Fatima Bhutto: Yes, I think there are several roles. The first role is a moral role. She absolutely bears moral responsibility in that she presided over a state that was empowering the police and other security agencies to kill. Operation Cleanup was genocidal. Three thousand people in two years is no joke. And a lot of the police officers who were quite senior on Operation Cleanup were brought that night to kill my father. I mean, they were known for these extrajudicial murders. So on the one hand, yes, absolutely she’s responsible. And the more direct role that she played as prime minister, in terms of the investigation, suppressing facts from coming out, stopping us from filing a police case. She did a lot of things. One of the officials present that night on the road was Masood Sharif; he was the director general of the intelligence bureau, the office that reports directly to the prime minister. After the murder, Benazir awarded him a seat on the central committee of the People’s Party. Now for someone who’s accused in your brother’s murder, that sounds like a pretty strange thing to do. I think it speaks volumes to how Benazir and people in her party viewed power as a right.

Guernica: Looking ahead, what are Pakistan’s greatest challenges?
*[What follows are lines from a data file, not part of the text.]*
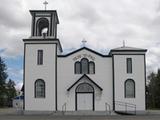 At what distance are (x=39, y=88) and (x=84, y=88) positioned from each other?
489cm

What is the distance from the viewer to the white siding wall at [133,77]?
164 feet

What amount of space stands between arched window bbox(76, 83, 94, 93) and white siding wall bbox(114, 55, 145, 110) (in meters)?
2.82

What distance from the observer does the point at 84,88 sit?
50750mm

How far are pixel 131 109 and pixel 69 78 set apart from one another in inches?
294

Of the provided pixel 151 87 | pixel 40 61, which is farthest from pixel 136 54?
pixel 151 87

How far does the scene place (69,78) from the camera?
166 ft

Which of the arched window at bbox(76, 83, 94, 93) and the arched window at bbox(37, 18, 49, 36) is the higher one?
the arched window at bbox(37, 18, 49, 36)

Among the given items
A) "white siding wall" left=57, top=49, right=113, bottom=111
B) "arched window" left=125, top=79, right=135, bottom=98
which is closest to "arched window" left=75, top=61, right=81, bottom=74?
"white siding wall" left=57, top=49, right=113, bottom=111

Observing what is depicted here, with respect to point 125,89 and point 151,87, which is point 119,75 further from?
point 151,87

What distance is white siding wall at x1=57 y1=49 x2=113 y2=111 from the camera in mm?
50156

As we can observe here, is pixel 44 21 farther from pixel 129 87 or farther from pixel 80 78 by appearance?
pixel 129 87

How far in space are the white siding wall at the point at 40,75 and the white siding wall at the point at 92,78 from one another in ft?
2.91

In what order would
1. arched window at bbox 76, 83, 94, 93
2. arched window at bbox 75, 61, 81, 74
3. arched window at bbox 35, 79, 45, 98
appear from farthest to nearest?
arched window at bbox 75, 61, 81, 74
arched window at bbox 76, 83, 94, 93
arched window at bbox 35, 79, 45, 98

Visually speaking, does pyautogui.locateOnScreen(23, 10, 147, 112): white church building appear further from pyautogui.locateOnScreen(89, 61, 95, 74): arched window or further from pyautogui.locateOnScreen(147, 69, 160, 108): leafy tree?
pyautogui.locateOnScreen(147, 69, 160, 108): leafy tree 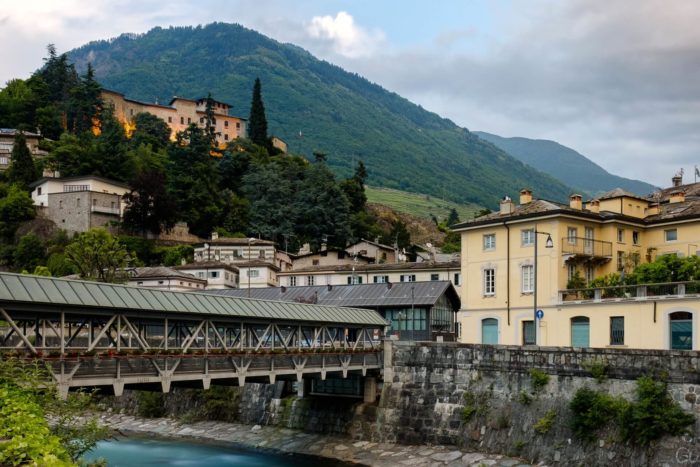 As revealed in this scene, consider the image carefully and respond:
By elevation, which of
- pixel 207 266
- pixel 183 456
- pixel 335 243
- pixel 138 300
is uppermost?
pixel 335 243

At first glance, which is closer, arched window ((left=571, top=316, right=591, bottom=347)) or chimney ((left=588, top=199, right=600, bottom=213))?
arched window ((left=571, top=316, right=591, bottom=347))

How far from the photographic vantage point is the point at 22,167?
378ft

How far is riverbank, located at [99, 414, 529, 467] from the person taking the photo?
145 ft

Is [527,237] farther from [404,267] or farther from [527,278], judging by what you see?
[404,267]

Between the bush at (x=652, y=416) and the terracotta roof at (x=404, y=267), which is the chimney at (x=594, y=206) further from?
the terracotta roof at (x=404, y=267)

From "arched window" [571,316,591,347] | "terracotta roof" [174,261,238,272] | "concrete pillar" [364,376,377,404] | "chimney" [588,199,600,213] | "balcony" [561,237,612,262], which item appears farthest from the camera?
"terracotta roof" [174,261,238,272]

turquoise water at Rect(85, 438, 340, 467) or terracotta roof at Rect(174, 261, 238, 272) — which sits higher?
terracotta roof at Rect(174, 261, 238, 272)

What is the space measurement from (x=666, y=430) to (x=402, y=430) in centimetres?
1550

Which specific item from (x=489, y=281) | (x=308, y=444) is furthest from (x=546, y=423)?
(x=489, y=281)

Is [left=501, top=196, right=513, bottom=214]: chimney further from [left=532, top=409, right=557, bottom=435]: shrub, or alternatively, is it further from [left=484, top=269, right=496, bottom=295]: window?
[left=532, top=409, right=557, bottom=435]: shrub

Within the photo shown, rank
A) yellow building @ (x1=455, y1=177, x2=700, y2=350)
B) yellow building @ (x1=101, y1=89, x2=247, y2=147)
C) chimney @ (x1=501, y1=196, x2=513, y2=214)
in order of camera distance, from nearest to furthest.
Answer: yellow building @ (x1=455, y1=177, x2=700, y2=350) < chimney @ (x1=501, y1=196, x2=513, y2=214) < yellow building @ (x1=101, y1=89, x2=247, y2=147)

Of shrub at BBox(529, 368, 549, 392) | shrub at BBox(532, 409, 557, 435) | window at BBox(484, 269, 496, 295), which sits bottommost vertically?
shrub at BBox(532, 409, 557, 435)

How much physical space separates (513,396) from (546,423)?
2.88m

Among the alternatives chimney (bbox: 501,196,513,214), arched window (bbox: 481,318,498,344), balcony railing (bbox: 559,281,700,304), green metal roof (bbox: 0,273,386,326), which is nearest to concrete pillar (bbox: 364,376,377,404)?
green metal roof (bbox: 0,273,386,326) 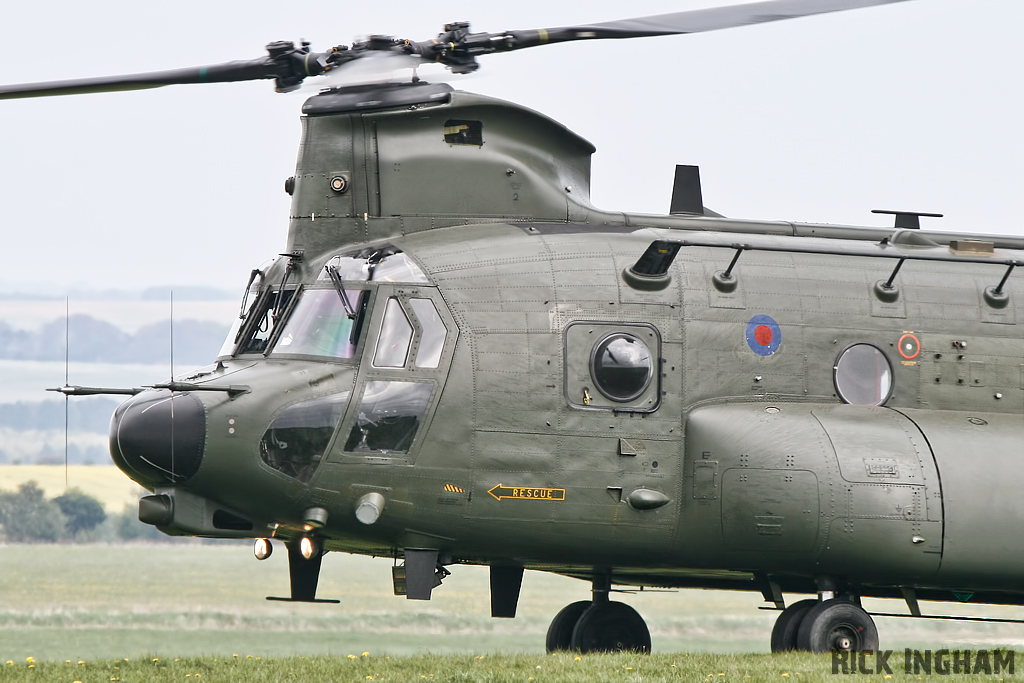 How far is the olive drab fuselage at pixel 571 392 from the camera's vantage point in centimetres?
1082

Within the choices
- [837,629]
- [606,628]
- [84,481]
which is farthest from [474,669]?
[84,481]

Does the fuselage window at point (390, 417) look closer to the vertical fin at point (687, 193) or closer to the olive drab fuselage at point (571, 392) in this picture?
the olive drab fuselage at point (571, 392)

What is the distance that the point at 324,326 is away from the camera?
11.2 meters

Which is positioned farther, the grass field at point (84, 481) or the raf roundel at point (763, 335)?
the grass field at point (84, 481)

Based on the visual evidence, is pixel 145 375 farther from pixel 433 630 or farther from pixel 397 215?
pixel 397 215

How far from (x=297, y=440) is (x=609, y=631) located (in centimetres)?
448

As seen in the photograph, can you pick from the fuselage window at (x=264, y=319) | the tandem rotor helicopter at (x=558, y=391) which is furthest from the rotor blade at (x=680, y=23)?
the fuselage window at (x=264, y=319)

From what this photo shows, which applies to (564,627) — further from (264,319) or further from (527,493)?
(264,319)

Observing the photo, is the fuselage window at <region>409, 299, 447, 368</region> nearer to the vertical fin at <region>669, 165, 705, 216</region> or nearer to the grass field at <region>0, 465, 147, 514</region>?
the vertical fin at <region>669, 165, 705, 216</region>

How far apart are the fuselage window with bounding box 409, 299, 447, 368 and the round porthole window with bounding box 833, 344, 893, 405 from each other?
11.9ft

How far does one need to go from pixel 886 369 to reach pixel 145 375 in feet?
158

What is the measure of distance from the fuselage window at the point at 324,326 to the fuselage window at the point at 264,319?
191mm

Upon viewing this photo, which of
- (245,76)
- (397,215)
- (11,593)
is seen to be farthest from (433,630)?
(245,76)

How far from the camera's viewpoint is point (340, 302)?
445 inches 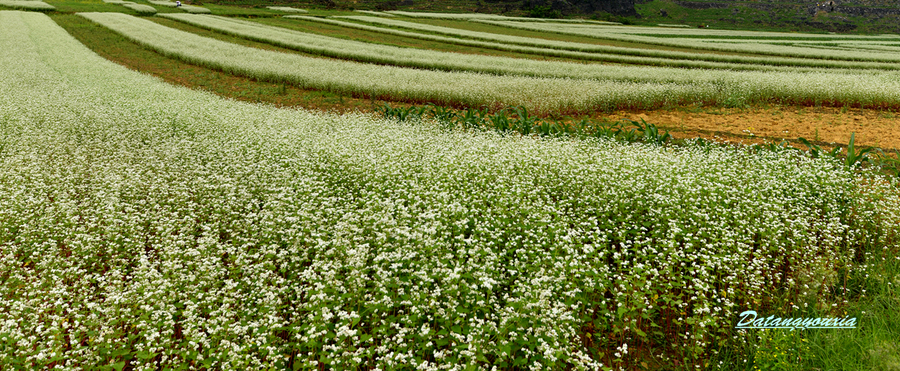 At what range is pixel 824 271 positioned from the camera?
4.90 m

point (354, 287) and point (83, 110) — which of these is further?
point (83, 110)

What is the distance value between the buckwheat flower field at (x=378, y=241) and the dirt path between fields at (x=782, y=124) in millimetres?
4456

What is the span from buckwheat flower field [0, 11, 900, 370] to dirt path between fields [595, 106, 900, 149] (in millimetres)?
4456

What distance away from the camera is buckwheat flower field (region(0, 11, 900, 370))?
374 cm

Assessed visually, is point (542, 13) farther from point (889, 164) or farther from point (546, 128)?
point (889, 164)

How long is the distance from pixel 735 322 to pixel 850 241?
9.75 ft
Fatima Bhutto: Corruption. [Pakistan has] a government universally known for graft, with the state treasury at its disposal. What that means is if you go to a state hospital just about anywhere in Pakistan, you are more likely to die than to receive treatment; they don’t have electricity, they don’t have sanitary conditions. If you are a child of school-going age in just about any rural area in Pakistan and your only option for an education is a government school, you’re going to end up illiterate. There are no teachers, no books, nothing. We’re an incredibly rich country in terms of our resources; we’ve got oil, gas, natural resources, we grow our own fruit. So forget the foreign aid for a moment. What that [corruption] means is that you create a vacuum; that vacuum has been and is still being filled by militant Islamic groups that come into these rural areas and bring schools. Everyone will naturally think that a madrasa is a jihadi training ground; that’s true in a lot of cases. But if your child is either going to be illiterate or is going to learn how to read and how to read the Koran at that madrasa, parents are going to take that option. It would be crazy to ask them not to. In 2005, we had a devastating earthquake in the northern part of the country. I went to a lot of the affected areas about a month after. We didn’t see any evidence of the state of Pakistan in these towns. But what we did see were a lot of Islamic charities, groups that had set up a mobile hospital unit, tent villages. If you want to look at the Taliban’s presence in Pakistan today, you can directly tie that to the corruption. If you want to look at the illiteracy rate in Pakistan today, you can tie that to the corruption. If you want to talk about the lack of democracy, that can again be tied to the corruption.